Assignment = Reproduce every line of the material below, but drop the pictures.

Exercise material =
++++++++++++++++++++
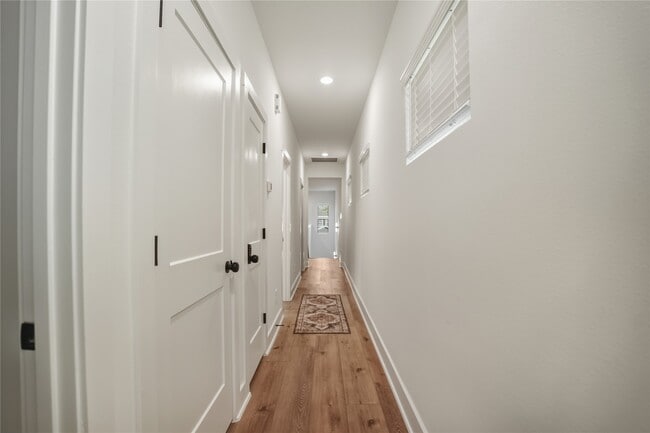 Building Photo - 8017 Cora St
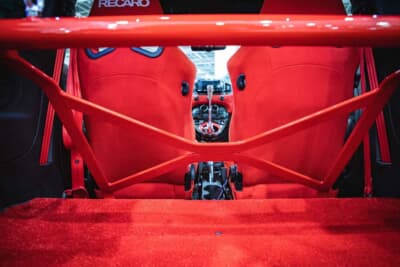 アバルト 595：2シーターブレースを装着（リアシートは取り外すことになる）。この2シーターブレースは、大阪オートメッセで初公開された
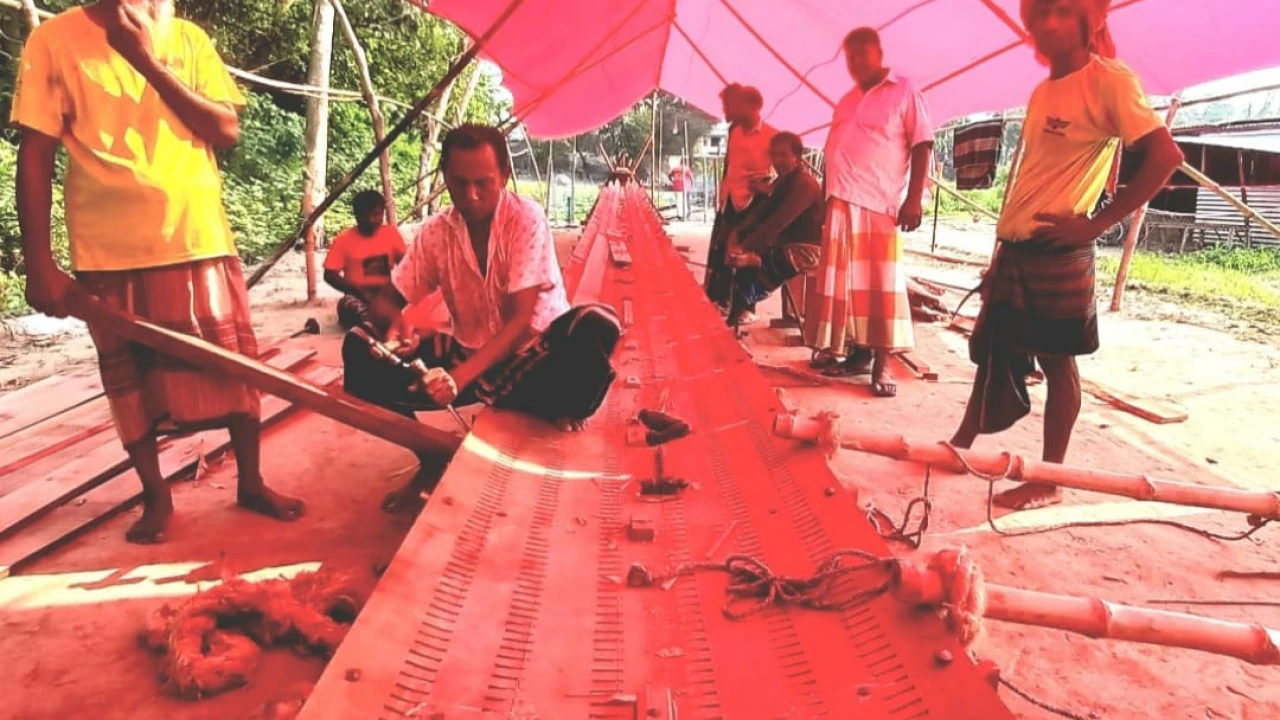 উল্লাপাড়ায় বানানো হচ্ছে ৮২ হাত বাইচের পানসি  নৌকা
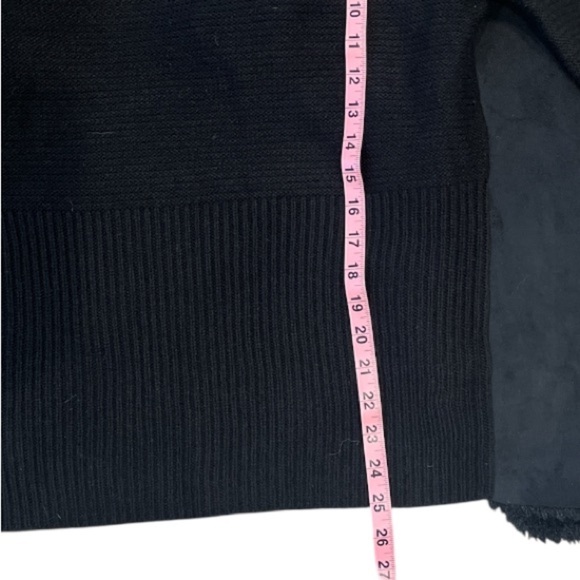 Romeo & Juliet Couture Large Faux Fur & Suede Black Cardigan - Picture 5 of 10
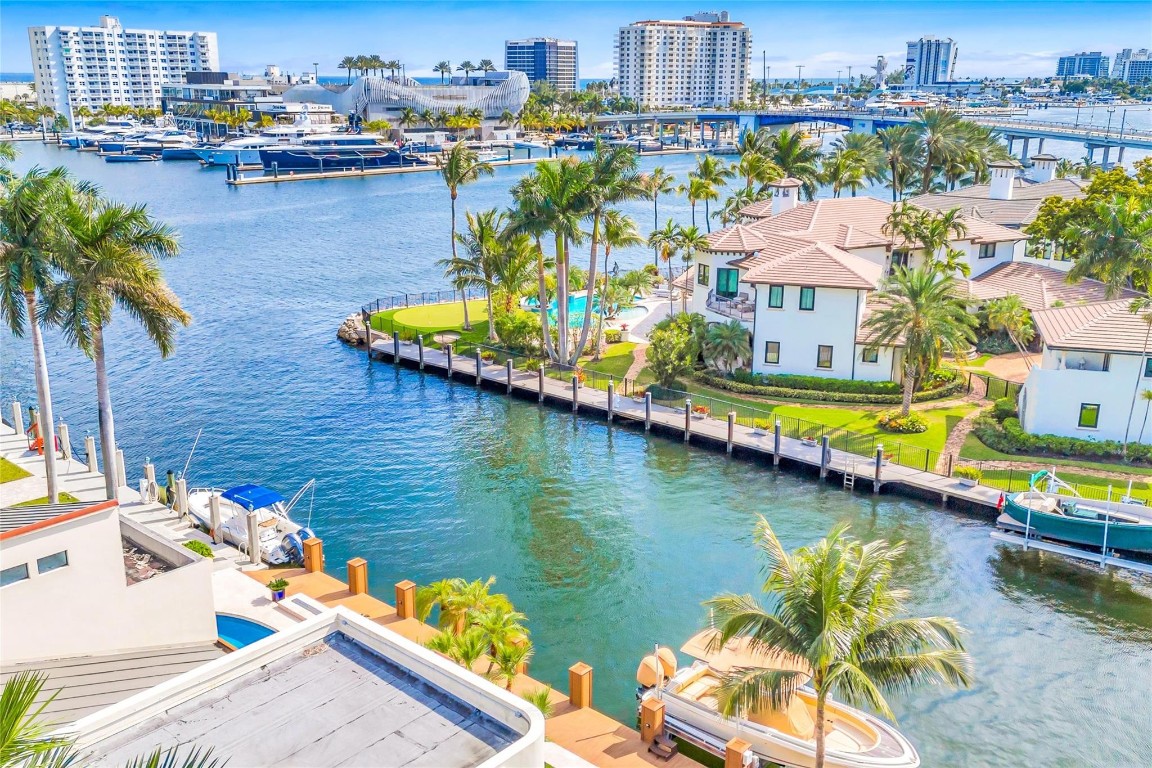 ASPETUCK POINT - Residential Lease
++++++++++++++++++++
Task answer =
 Building Photo - 8017 Cora St
 アバルト 595：2シーターブレースを装着（リアシートは取り外すことになる）。この2シーターブレースは、大阪オートメッセで初公開された
 উল্লাপাড়ায় বানানো হচ্ছে ৮২ হাত বাইচের পানসি  নৌকা
 Romeo & Juliet Couture Large Faux Fur & Suede Black Cardigan - Picture 5 of 10
 ASPETUCK POINT - Residential Lease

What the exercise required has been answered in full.